Congenital anomalies of the kidney and urinary tract (CAKUT) are significant causes of pediatric morbidity and mortality.
The spectrum of CAKUT can be part of a syndrome, but most of these abnormalities occur as isolated and sporadic forms. The etiology of human CAKUT is unknown in the majority of cases.
This case–control study aimed to investigate the association between maternal characteristics and the occurrence of CAKUT and specific CAKUT phenotypes.

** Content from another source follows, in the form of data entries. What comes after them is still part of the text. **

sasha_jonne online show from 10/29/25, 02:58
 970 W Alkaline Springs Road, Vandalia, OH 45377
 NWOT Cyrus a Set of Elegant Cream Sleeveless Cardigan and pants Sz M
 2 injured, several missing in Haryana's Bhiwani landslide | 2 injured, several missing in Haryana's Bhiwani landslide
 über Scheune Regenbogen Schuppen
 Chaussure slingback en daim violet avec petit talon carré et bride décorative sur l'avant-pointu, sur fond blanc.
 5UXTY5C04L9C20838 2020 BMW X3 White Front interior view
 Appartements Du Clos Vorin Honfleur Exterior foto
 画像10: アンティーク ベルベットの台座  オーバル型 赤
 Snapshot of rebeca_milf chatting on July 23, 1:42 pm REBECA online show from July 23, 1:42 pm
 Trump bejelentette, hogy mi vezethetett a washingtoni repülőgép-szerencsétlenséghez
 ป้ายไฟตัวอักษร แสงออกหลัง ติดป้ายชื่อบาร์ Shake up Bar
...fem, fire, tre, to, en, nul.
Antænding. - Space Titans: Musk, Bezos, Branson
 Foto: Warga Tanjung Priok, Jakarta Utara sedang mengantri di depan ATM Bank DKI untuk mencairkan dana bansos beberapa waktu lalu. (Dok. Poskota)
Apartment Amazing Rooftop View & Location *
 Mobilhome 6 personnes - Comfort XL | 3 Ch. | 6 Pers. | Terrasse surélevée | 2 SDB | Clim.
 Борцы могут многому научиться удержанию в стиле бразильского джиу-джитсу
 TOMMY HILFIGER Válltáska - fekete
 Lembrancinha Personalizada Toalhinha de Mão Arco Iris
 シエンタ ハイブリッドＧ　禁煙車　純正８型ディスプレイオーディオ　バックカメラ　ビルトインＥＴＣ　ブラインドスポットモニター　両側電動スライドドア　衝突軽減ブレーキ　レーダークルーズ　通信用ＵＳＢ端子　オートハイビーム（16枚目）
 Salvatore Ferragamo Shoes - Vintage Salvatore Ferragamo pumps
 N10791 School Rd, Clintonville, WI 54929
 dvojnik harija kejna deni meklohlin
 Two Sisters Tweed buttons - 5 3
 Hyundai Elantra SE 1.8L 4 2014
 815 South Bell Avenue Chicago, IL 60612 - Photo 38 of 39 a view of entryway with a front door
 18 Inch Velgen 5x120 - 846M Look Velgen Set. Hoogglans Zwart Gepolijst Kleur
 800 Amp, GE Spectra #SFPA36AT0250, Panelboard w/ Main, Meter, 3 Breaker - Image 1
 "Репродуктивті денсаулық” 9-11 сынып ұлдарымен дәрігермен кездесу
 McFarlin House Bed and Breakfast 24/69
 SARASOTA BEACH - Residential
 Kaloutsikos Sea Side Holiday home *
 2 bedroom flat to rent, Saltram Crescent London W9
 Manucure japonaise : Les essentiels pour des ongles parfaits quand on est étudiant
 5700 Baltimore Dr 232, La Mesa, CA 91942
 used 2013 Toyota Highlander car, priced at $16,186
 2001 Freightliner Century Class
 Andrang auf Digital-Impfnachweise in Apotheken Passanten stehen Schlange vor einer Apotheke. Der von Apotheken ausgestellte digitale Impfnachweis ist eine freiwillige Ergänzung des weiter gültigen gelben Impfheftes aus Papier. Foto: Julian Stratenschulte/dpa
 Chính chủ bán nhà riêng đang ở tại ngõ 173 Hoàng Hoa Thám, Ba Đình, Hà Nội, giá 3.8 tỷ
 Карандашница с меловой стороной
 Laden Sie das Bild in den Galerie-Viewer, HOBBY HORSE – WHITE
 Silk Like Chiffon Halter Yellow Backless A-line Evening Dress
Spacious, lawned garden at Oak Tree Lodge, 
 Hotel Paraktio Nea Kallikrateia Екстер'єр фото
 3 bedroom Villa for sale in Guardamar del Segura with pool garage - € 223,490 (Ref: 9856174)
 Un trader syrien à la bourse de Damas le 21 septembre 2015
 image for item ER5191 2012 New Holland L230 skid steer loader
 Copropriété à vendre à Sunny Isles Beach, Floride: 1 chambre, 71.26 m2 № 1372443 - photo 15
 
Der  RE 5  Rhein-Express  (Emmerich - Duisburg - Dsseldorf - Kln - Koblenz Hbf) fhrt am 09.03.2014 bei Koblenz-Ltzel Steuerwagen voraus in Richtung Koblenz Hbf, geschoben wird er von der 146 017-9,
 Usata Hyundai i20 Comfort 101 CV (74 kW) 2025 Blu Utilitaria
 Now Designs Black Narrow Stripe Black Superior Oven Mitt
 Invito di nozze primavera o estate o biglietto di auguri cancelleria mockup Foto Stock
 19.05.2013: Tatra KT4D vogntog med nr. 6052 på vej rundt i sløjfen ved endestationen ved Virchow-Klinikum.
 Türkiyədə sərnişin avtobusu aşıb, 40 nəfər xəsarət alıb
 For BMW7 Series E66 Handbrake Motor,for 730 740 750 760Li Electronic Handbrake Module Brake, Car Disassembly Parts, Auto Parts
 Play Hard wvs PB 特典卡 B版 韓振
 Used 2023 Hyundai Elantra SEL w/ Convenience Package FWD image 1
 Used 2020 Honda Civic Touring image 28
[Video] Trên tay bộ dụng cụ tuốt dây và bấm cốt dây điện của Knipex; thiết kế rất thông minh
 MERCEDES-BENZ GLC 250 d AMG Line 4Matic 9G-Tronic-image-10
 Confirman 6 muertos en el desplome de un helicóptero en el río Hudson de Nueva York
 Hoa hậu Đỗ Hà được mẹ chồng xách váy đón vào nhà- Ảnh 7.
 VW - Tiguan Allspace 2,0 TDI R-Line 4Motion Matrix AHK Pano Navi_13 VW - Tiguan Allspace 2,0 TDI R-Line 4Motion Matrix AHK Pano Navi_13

In this case–control study, 29,653 newborns were evaluated consecutively in a tertiary neonatal unit using the Latin American Collaborative Study of Congenital Malformations (ECLAMC) registry.
Newborns without congenital anomalies were matched to CAKUT cases by sex, date, and place of birth at a ratio of 3:1. For analysis purposes, the cases were stratified into four subgroups: upper tract abnormalities (UTA), including ureteropelvic junction obstruction, vesicoureteral reflux, primary megaureter and others (n = 239), lower urinary tract obstruction (LUTO) (n = 79), cystic diseases (n = 59) and agenesis/hypodysplasia (n = 28).
Multivariable logistic regression analyses were used to calculate crude and adjusted odds ratios (ORs) with 95% confidence intervals (CIs) for associations between the maternal risk factors and the presence of CAKUT.